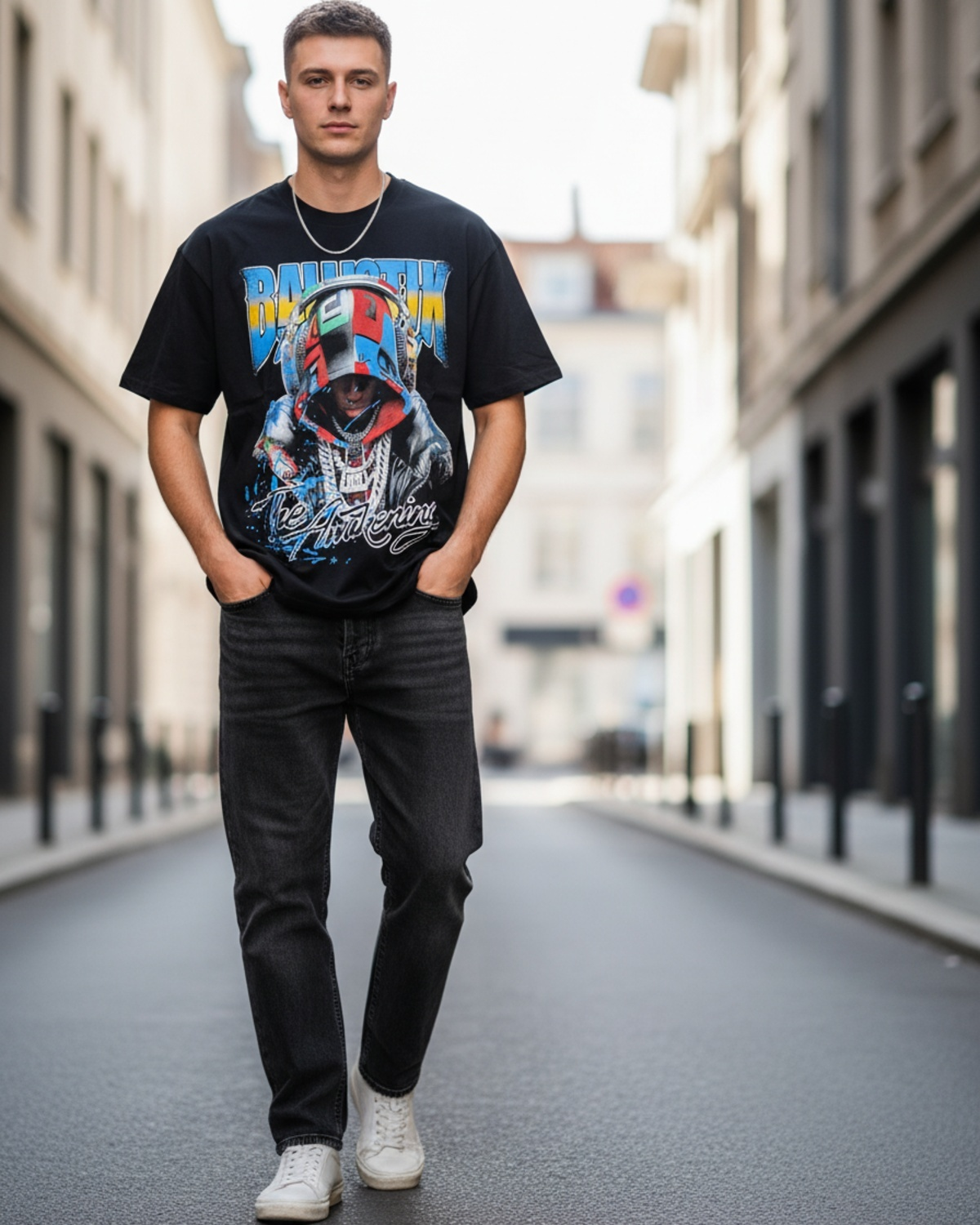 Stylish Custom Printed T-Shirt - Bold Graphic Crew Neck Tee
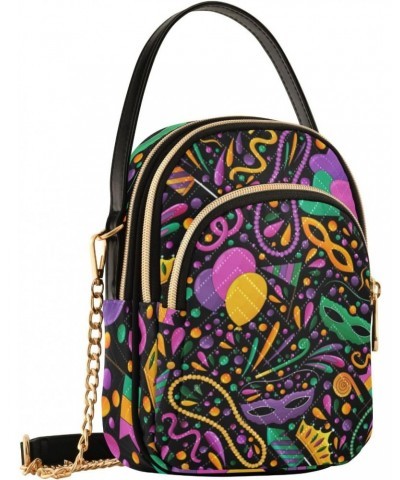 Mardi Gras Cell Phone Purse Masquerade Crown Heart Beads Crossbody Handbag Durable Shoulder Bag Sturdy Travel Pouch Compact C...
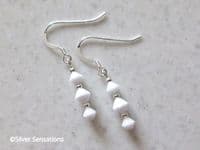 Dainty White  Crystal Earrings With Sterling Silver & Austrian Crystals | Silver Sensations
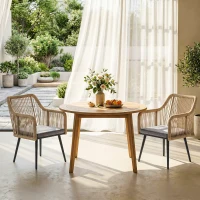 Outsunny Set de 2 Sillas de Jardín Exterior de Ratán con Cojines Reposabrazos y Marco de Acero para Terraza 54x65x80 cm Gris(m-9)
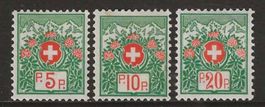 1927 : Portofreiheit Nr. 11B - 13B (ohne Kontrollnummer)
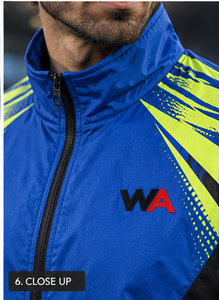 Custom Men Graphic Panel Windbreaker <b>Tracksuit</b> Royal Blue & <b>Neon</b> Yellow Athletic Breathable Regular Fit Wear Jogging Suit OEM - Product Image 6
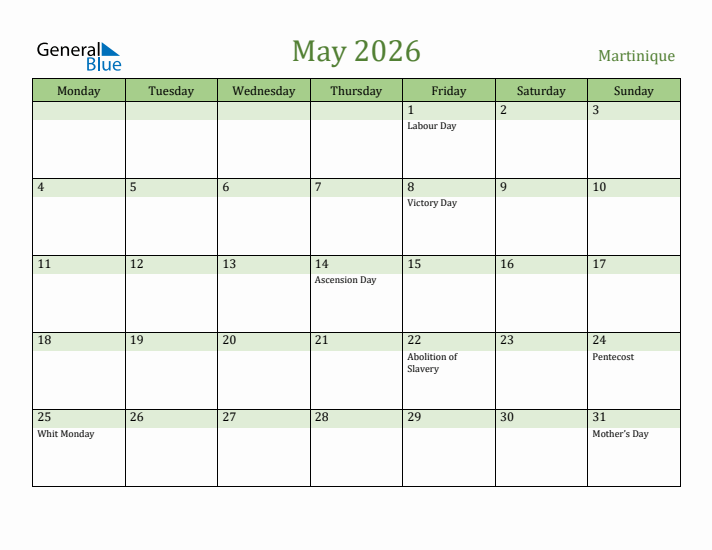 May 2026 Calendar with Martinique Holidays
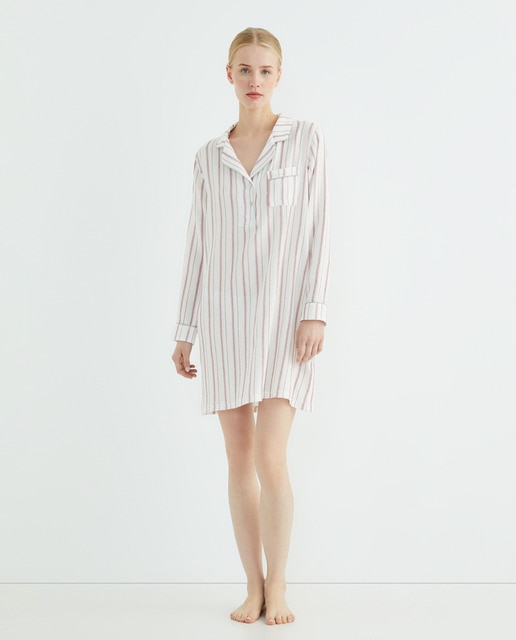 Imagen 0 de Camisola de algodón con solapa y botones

ASSIGNED TASK:
Word for word, restate the lines from the line with "Mardi Gras Cell" through the last line of the entries, and nothing beyond them. Omit pictures.

RESPONSE AREA:
 Mardi Gras Cell Phone Purse Masquerade Crown Heart Beads Crossbody Handbag Durable Shoulder Bag Sturdy Travel Pouch Compact C...
 Dainty White  Crystal Earrings With Sterling Silver & Austrian Crystals | Silver Sensations
 Outsunny Set de 2 Sillas de Jardín Exterior de Ratán con Cojines Reposabrazos y Marco de Acero para Terraza 54x65x80 cm Gris(m-9)
 1927 : Portofreiheit Nr. 11B - 13B (ohne Kontrollnummer)
 Custom Men Graphic Panel Windbreaker <b>Tracksuit</b> Royal Blue & <b>Neon</b> Yellow Athletic Breathable Regular Fit Wear Jogging Suit OEM - Product Image 6
 May 2026 Calendar with Martinique Holidays
 Imagen 0 de Camisola de algodón con solapa y botones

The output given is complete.